Bewertet mit 3 Sternen

"Heimatsterben" von Sarah Höflich verbindet das politische Schreckensszenario eines Rechtsrucks in der Regierung mit einer komplexen Familiengeschichte. Hanna Ahrens, freie Journalistin in New York, kehrt aufgrund des Todes ihrer Großmutter nach Deutschland zurück. Dort ist ihr Schwager Felix von Altdorff Kopf einer sehr erfolgreichen rechten Partei - und ausgerechnet Hanna lässt sich überreden, ihn zu unterstützen.
Eine spannende, aktuelle Grundidee also - aber das Buch bleibt deutlich hinter den Erwartungen zurück. 

Zunächst enttäuscht mich die Figurenzeichnung. Hanna überzeugt mich nicht: Sie soll eine gebildete Frau mit einer politischen Einstellung eher links von der Mitte sein, geht ihrem Schwager aber sofort auf den Leim, als sie seine deutlich nationalistischen Briefe an ihre verstorbene Großmutter liest. Auch das Wahlprogramm der BürgerUnion erscheint ihr "nicht schwachsinnig" - warum, das bleibt mir völlig unklar. Zu allem Überfluss lässt sie sich nach kurzer Überlegung auf die Landesliste der Partei setzen, als ob dies die einzige Möglichkeit wäre, ihrem Schwager zu helfen. Bei Felix muss seine persönliche Schuld gegenüber einer anderen Familie als Konstrukt als Erklärung dafür herhalten, dass er ihre noch nationalistischere Haltung akzeptiert. Dazu kommt die merkwürdige Idee, er müsse "Angebote machen" und dafür mit sehr rechts eingestellten Personen zusammenarbeiten. 

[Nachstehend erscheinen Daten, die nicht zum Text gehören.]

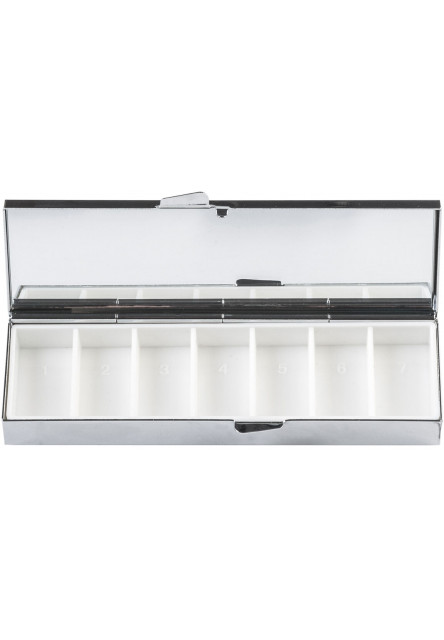 Púzdro na prášky Legami Sos 7-Days Pill Box - Travel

Außerdem wird die politische Entwicklung immer nur kurz angerissen. In wenigen Sätzen wird eine Entwicklung oder eine Einstellung der Bevölkerung zusammengefasst, der Hintergrund bleibt unklar. Erklärungen und Zusammenhänge spart sich die Autorin auch dadurch, dass sie mehrmals in ihrem Buch Zeitsprünge einbaut - bequem, aber nicht überzeugend. Die Familiengeschichte ist interessant, auch wenn sie ein bisschen den Eindruck erweckt, die Welt - oder zumindest Deutschland - sei ein Dorf. Teilweise ist sie auch arg melodramatisch geraten; es gibt keinen Sturm, der keine Bedeutung hätte.

Insgesamt hätte ich mir von diesem Buch deutlich mehr versprochen, als Roman über Politik ist es mir zu oberflächlich und als Familiengeschichte zu klischeehaft und melodramatisch.